• _Work task_: Where the records below reach the line containing "Wood-paneled room featuring", start transcribing, and end with the line containing "Zniszczony czarny samochód", exactly and with nothing else added.
START Data for the task
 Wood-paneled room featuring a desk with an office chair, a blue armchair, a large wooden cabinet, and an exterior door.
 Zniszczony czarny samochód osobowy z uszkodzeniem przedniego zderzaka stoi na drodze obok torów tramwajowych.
END Data for the task
START Data for the task
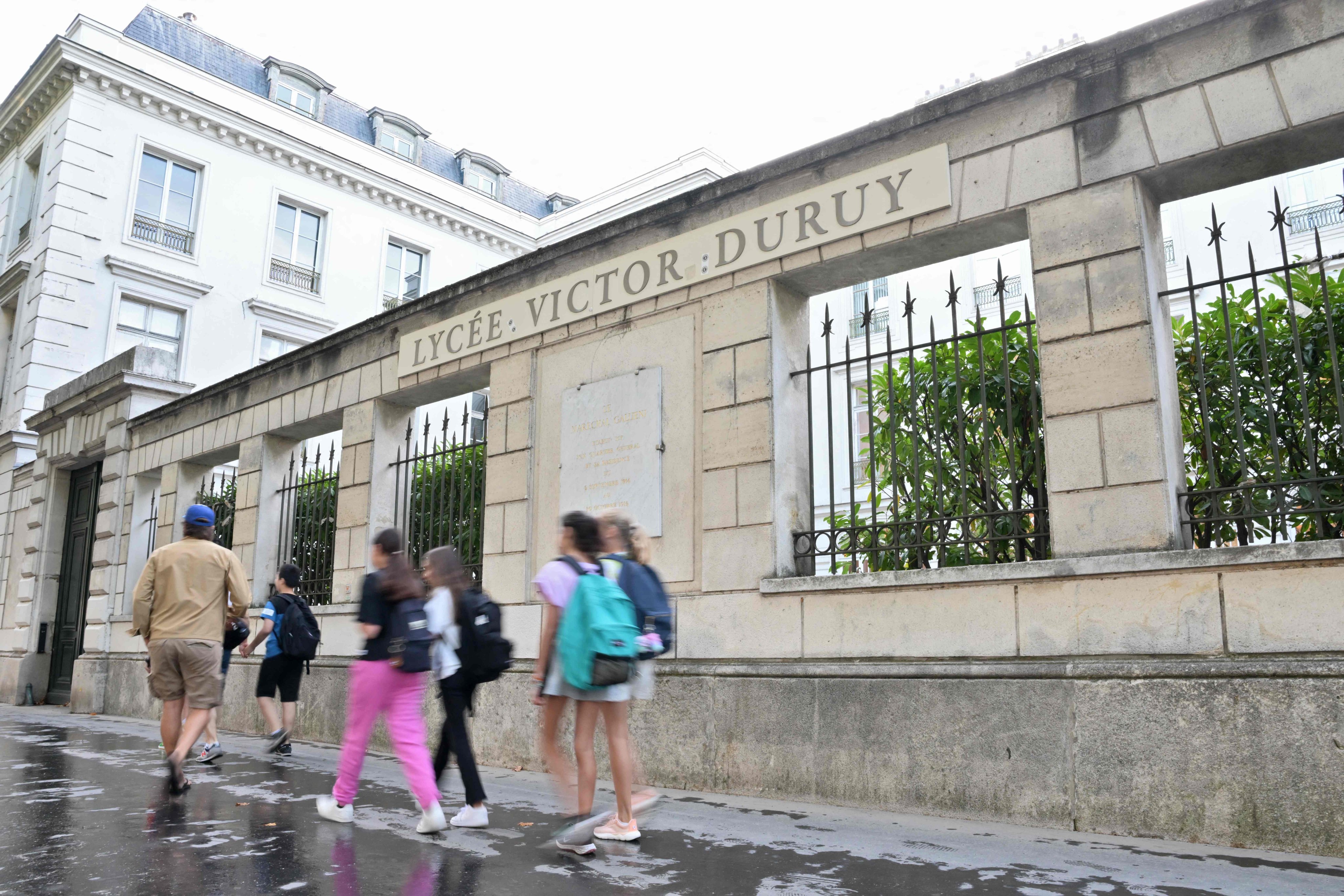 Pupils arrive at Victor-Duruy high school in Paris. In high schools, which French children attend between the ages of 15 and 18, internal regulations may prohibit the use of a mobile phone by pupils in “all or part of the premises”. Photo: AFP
END Data for the task
• _The answer_:
 Wood-paneled room featuring a desk with an office chair, a blue armchair, a large wooden cabinet, and an exterior door.
 Zniszczony czarny samochód osobowy z uszkodzeniem przedniego zderzaka stoi na drodze obok torów tramwajowych.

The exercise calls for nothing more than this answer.